WHAT YOU ARE ASKED TO DO: Report all lines of the records that contain "Rust".

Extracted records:
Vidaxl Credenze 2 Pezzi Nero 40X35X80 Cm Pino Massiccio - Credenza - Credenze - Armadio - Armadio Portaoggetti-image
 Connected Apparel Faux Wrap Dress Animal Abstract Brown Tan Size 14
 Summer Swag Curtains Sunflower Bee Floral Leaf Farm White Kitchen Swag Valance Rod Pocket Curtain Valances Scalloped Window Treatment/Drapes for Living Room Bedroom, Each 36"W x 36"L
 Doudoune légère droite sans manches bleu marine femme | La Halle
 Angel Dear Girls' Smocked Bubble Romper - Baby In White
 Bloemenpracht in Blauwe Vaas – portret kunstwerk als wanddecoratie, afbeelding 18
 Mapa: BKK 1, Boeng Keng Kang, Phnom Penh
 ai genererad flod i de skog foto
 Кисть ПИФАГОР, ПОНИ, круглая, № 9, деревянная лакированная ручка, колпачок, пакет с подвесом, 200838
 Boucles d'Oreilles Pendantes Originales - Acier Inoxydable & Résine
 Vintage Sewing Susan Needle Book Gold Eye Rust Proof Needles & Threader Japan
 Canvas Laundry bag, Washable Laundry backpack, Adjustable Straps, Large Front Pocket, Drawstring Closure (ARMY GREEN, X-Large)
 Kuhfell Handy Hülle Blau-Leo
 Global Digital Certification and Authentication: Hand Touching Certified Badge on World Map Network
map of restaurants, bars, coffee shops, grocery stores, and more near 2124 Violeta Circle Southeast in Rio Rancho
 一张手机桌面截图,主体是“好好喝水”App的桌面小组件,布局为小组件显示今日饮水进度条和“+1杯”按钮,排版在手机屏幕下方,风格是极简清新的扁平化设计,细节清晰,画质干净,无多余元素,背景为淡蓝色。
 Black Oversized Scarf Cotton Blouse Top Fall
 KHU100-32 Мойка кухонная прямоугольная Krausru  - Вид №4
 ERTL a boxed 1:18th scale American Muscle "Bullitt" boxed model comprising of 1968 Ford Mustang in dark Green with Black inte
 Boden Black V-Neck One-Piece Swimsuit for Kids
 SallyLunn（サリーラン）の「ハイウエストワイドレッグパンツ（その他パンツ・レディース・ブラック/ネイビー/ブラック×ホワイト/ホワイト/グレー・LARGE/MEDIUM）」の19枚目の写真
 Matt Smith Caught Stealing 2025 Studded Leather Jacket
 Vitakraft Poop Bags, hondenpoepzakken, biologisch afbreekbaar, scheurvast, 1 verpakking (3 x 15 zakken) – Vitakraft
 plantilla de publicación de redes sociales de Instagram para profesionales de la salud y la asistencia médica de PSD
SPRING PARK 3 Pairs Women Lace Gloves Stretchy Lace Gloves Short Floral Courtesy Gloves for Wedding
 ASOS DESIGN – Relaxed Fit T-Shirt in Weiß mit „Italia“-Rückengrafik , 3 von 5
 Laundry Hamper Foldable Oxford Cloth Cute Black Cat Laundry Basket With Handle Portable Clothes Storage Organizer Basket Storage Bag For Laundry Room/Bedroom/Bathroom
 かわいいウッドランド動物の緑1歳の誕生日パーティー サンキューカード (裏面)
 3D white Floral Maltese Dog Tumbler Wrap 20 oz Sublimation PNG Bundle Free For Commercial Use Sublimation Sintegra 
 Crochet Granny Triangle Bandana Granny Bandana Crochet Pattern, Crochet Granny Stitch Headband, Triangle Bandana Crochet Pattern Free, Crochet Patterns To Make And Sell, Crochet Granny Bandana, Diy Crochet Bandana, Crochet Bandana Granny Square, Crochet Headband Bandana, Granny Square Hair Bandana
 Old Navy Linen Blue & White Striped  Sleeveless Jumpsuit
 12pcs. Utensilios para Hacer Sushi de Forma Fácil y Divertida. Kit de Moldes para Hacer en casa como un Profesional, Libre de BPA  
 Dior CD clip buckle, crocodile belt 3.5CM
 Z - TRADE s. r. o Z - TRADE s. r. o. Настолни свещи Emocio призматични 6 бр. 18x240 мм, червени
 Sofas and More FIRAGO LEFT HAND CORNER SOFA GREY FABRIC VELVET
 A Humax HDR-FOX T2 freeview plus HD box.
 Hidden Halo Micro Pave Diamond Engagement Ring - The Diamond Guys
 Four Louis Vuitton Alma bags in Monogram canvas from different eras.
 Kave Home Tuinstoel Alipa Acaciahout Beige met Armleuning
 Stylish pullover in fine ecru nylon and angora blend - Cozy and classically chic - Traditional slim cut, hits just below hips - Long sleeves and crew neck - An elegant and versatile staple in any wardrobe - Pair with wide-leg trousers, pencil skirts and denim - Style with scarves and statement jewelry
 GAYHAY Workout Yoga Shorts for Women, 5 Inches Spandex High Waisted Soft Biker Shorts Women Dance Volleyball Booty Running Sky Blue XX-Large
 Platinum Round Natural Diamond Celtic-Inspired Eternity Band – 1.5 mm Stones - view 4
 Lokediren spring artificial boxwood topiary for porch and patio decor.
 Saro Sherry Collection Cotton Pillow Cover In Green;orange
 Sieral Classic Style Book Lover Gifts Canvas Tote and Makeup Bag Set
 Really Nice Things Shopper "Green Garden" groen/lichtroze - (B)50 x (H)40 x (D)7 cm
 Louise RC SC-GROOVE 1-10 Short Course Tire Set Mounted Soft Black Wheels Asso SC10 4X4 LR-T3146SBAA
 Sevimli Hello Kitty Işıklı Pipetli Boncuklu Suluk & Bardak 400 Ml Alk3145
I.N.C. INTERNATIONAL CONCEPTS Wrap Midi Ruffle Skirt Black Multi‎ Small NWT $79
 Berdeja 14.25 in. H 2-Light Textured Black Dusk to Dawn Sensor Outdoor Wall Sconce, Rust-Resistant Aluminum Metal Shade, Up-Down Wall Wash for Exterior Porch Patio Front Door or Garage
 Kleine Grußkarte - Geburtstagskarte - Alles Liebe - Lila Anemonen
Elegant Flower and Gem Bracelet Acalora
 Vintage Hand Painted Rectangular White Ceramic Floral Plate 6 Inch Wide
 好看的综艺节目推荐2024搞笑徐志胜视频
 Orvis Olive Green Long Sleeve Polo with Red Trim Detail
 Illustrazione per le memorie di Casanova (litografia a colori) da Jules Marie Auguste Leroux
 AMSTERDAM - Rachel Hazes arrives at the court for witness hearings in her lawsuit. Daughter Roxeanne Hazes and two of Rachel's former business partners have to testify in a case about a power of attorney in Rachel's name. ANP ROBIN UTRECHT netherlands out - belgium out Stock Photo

REPLY TO THE EXERCISE:
 Vintage Sewing Susan Needle Book Gold Eye Rust Proof Needles & Threader Japan
 Berdeja 14.25 in. H 2-Light Textured Black Dusk to Dawn Sensor Outdoor Wall Sconce, Rust-Resistant Aluminum Metal Shade, Up-Down Wall Wash for Exterior Porch Patio Front Door or Garage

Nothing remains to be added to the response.